GROSS: I had no idea what I was doing. Not only did I not know what I was doing, I didn’t spend any time trying to figure out what I was doing. Because you can’t. Occasionally, though, you get an idea and it glows. This happened with a fairly recent gag. There’s a kitchen in a French restaurant and the cooks all have mustaches and toques. One of them is reaching into a bin full of frogs and there’s a big pot boiling in the back. One frog says to another, “We’ll always have Paris.” I bring it in and Bob Mankoff holds it, then sends it back. I have it right here on my board for two weeks. What the hell am I gonna do with this? Gourmet isn’t buying cartoons anymore, and the Lampoon is gone. Finally I brought it back to Bob and said, “I’m gonna give you and Remnick another chance on this thing.” I got to hand it to him, he took it and now it’s pumping money, but nothing like some of the others. It glowed and punched a button. When you’re selling reprints or the original, you’re not really selling the art. You’re selling the button or whatever it is that you pressed. So I pressed a button with the frogs’ legs cartoon although I really have no idea what that button is. I do know one thing, though: Nobody draws a better frog than me. [Laughter]

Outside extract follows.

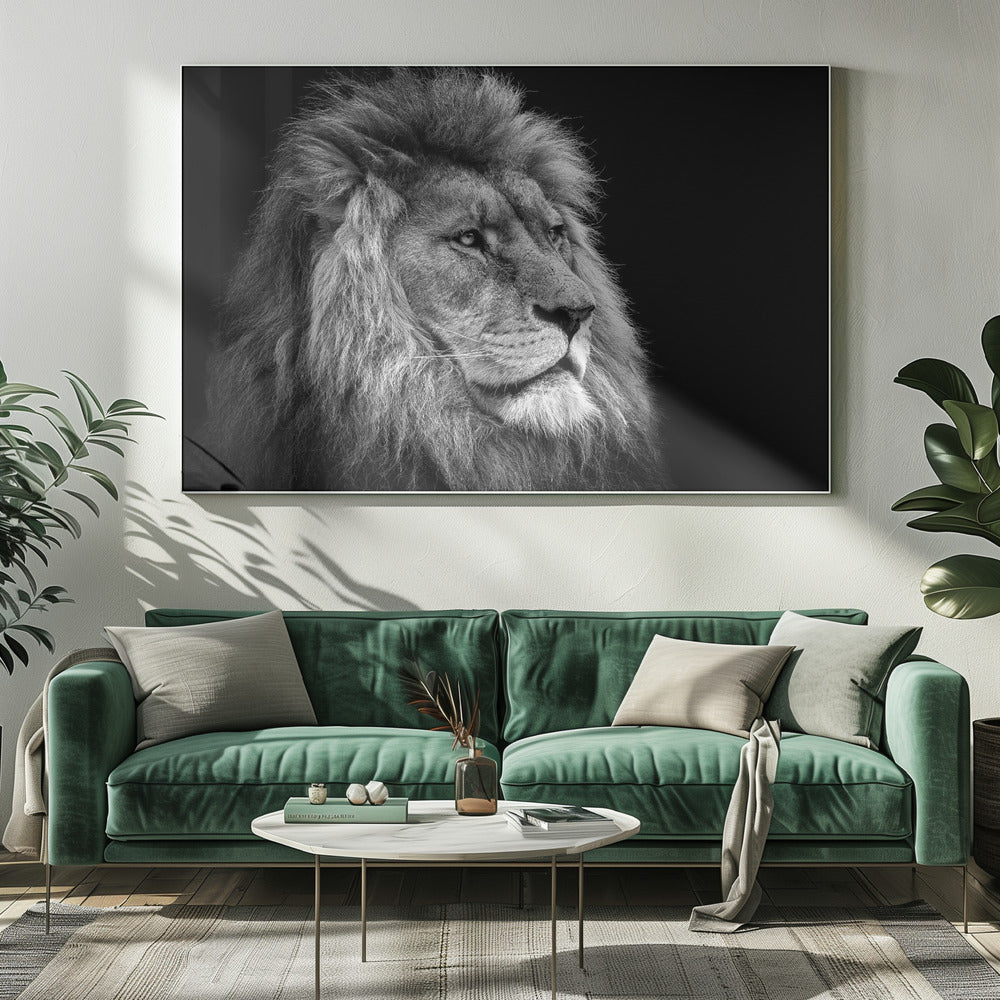 Black and White Lion in Side Profile Canvas Wall Art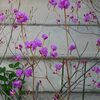 春の彼岸に咲く花　玄海ツツジ他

GEHR: What are some of your other specialties?

GROSS: I also draw a good cat. Me and cartoonists Nick Downes, Pete Mueller, and Phillipe Cohen were at an exhibit of Leonardo drawings at the Met. Leonardo can draw a fantastic horse, and dogs. There was this drawing of these dog paws, and I called them over and said, “Look at that. I draw a cat better than he does.” And I do. He could not draw cats! One good thing about cartoons: If you can’t draw something, you draw it your way. Ed Koren draws a horse but it’s not a horse. It’s his horse, and it’s a funny, funny horse. A horse is something I have an awful time with. It’s usually the legs. Sometimes I’ll put the horse in some tall grass – the taller the better.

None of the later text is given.